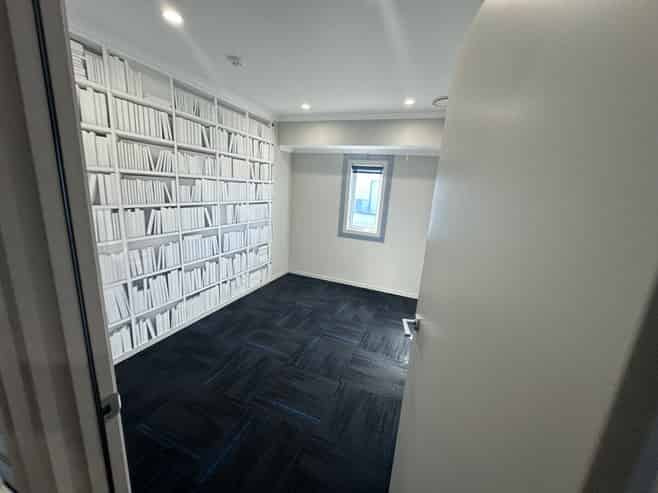 High Spec Commercial Unit 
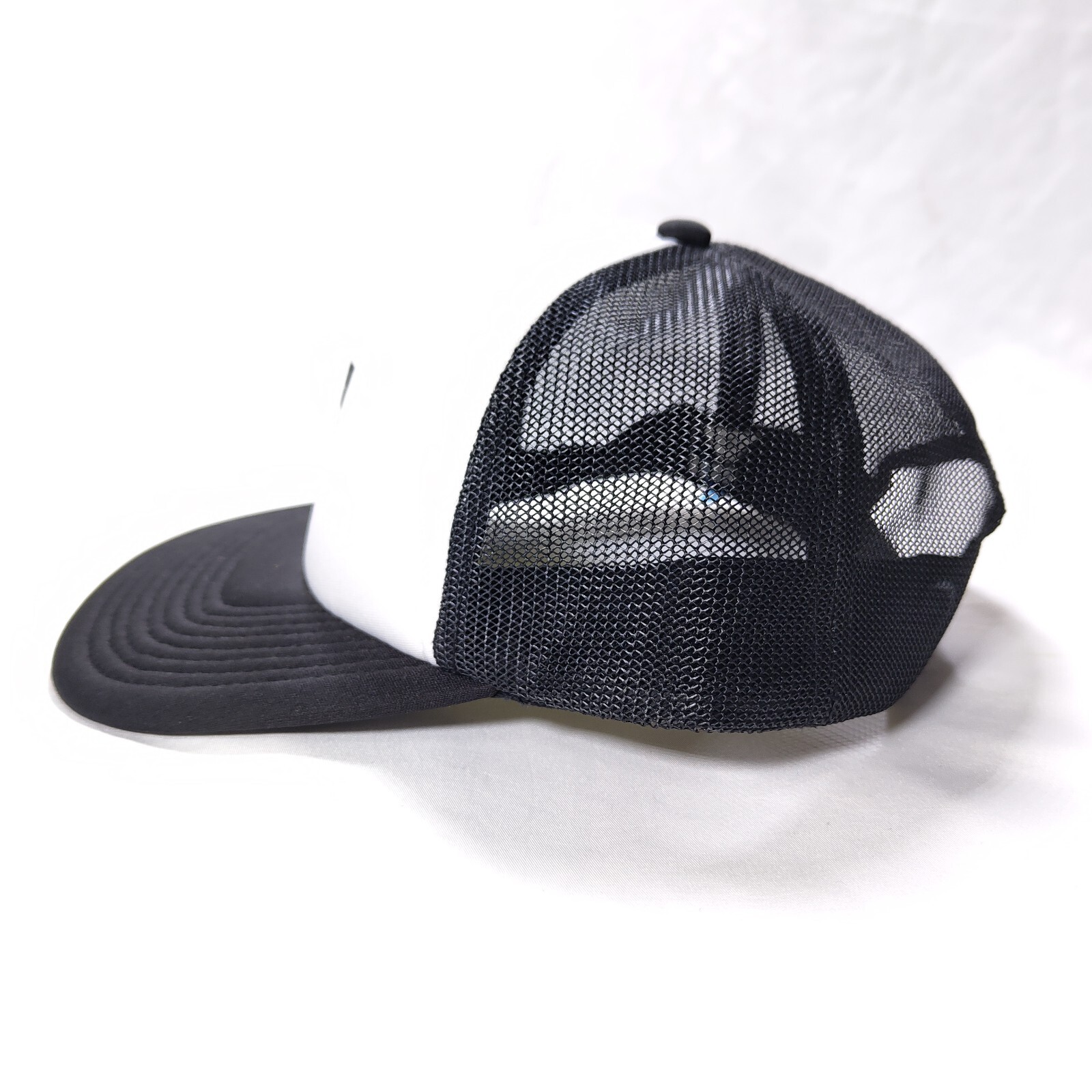 Poler Summit Trucker Hat Cap Snap Back Black Whit… - image 8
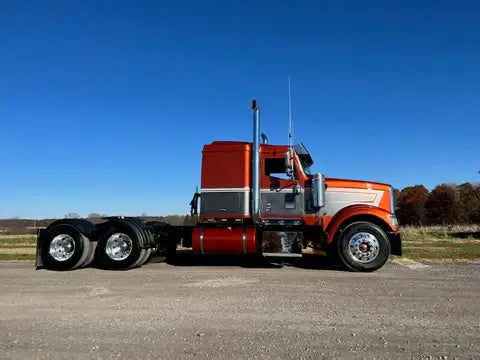 Smoke Metallic Kenworth W900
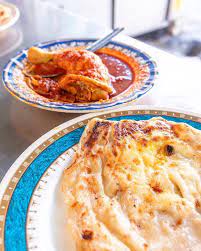 Starting The Day The Malay Way With A Roadside Roti Canai At Roti Cana On Transfer Road Roti Canai Is One Of The Most Popular Malaysian Di Food Roti Breakfast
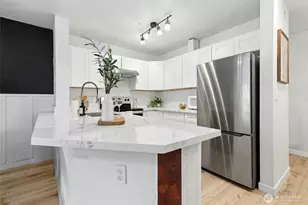 17300 91st Ave NE, Bothell, WA 98011 - Photo 1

------------------------

◆ REQUIRED ACTION: All of the data needs repeating exactly, but the pictures do not.

◆ RESPONSE AREA:
 High Spec Commercial Unit 
 Poler Summit Trucker Hat Cap Snap Back Black Whit… - image 8
 Smoke Metallic Kenworth W900
 Starting The Day The Malay Way With A Roadside Roti Canai At Roti Cana On Transfer Road Roti Canai Is One Of The Most Popular Malaysian Di Food Roti Breakfast
 17300 91st Ave NE, Bothell, WA 98011 - Photo 1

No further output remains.